I have an application that runs on a large number of processors. On processor 0, I have a function that writes data to a socket if it is open. This function runs in a loop in a separate thread on processor 0, i.e. processor 0 is responsible for its own workload and has an extra thread running the communication on the socket.
//This function runs on a loop, called every 1.5 seconds
void T_main_loop(const int& client_socket_id, bool* exit_flag)
{
//Check that socket still connected.
int error_code;
socklen_t error_code_size = sizeof(error_code);
getsockopt(client_socket_id, SOL_SOCKET, SO_ERROR, &error_code, &error_code_size);
if (error_code == 0)
{
//send some data
int valsend = send(client_socket_id , data , size_of_data , 0);
}
else
{
*(exit_flag) = false; //This is used for some external logic.
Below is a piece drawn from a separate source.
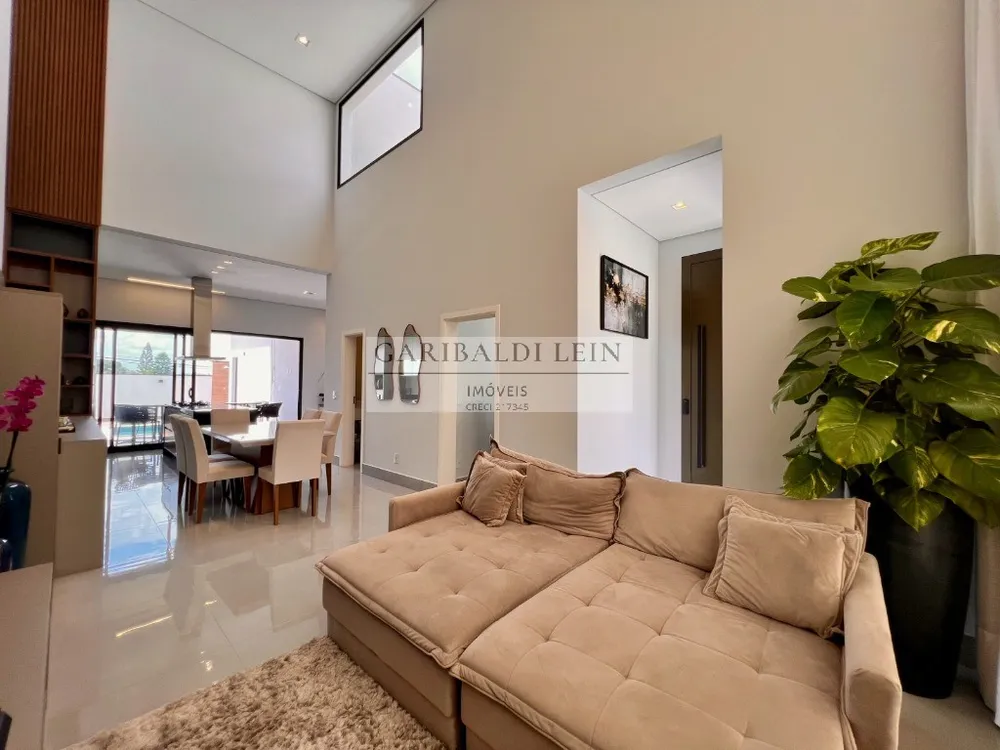 Casa, 3 quartos, 175 m² - Foto 1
//Can I fix the broklen pipe here somehow?
}
}
When the client socket is closed, the program should just ignore the error, and this is standard behavior as far as I am aware.
However, I am using an external library (PETSc) that is somehow detecting the broken pipe error and closing the entire parallel (MPI) environment:
[0]PETSC ERROR: Caught signal number 13 Broken Pipe: Likely while reading or writing to a socket
I would like to leave the configuration of this library completely untouched if at all possible. Open to any robust workarounds that are possible.
By default, the OS sends the thread SIGPIPE
if it tries to write into a (half) closed pipe or socket.
One option to disable the signal is to do signal(SIGPIPE, SIG_IGN);
.
Another option is to use MSG_NOSIGNAL
flag for send
, e.g. send(..., MSG_NOSIGNAL);
.